→ **Task goal**
Leave out all pictures. Extract exactly the lines from the one containing "45Rフォーティファイブ・ア" through the end of the data.

→ **Exercise input**
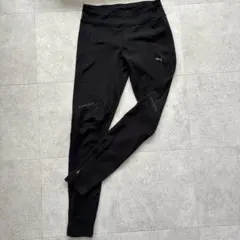 PUMA ブラック レギンス ジッパー付き　Lサイズ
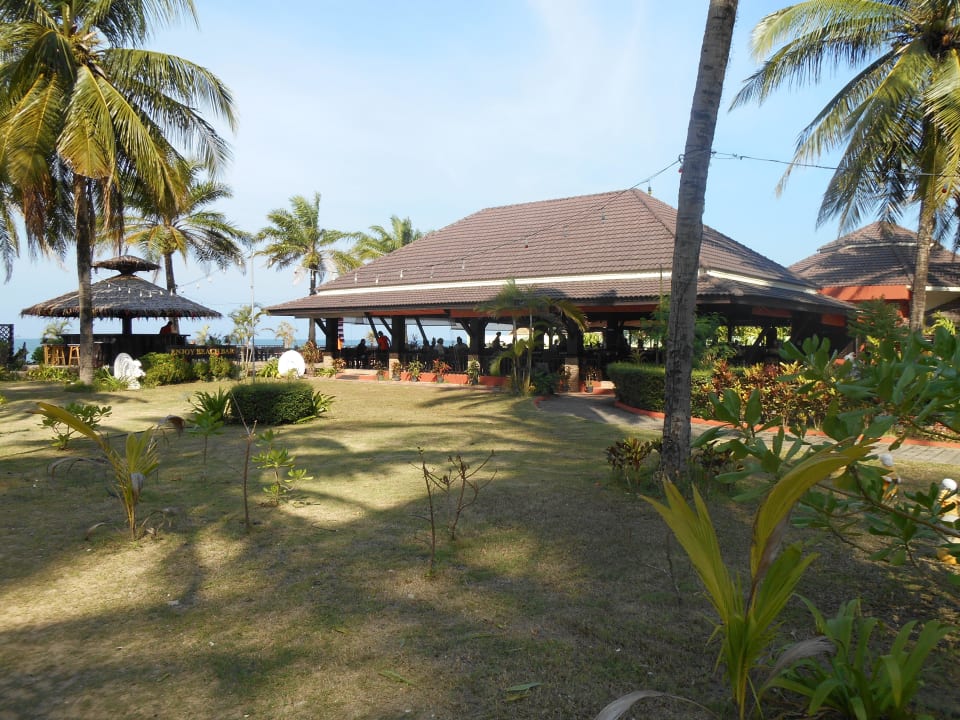 "Offener Speisesaal am Meer" Sudala Beach Resort (Bang Niang Beach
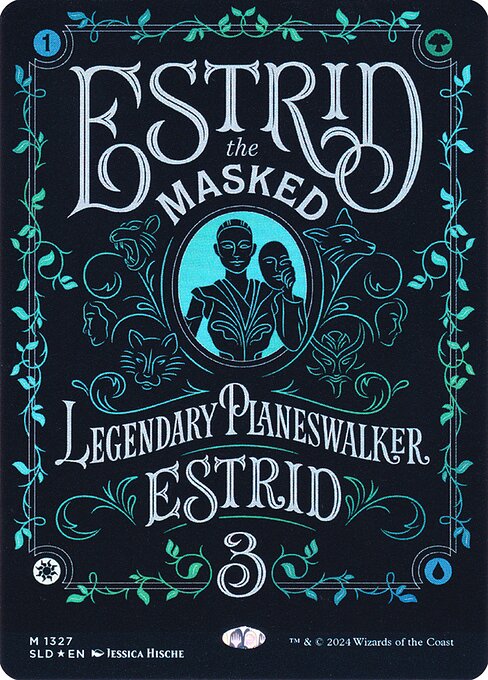 Estrid, the Masked // Estrid, the Masked — art by Jessica Hische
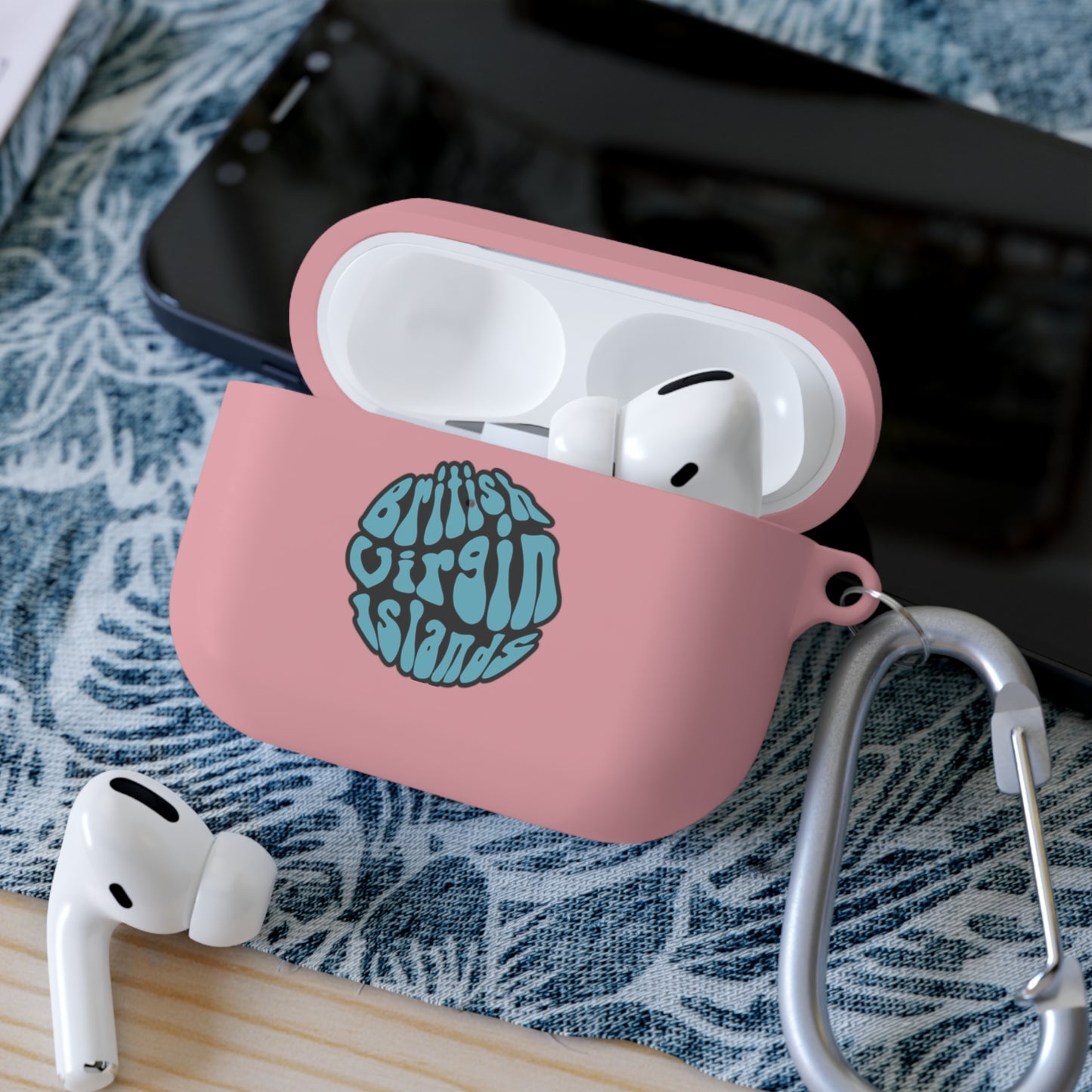 “BVI Bubble” AirPods and AirPods Pro Case Cover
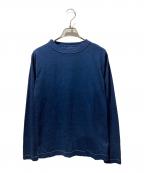 45Rフォーティファイブ・アール）の古着「天竺の90845星Tシャツ」｜インディゴ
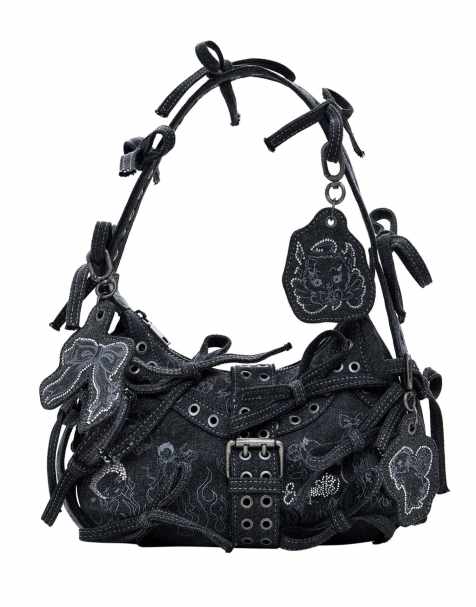 Desigual - Y2k María Escoté - Sac - Gris - view 1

→ **Finished exercise**
 45Rフォーティファイブ・アール）の古着「天竺の90845星Tシャツ」｜インディゴ
 Desigual - Y2k María Escoté - Sac - Gris - view 1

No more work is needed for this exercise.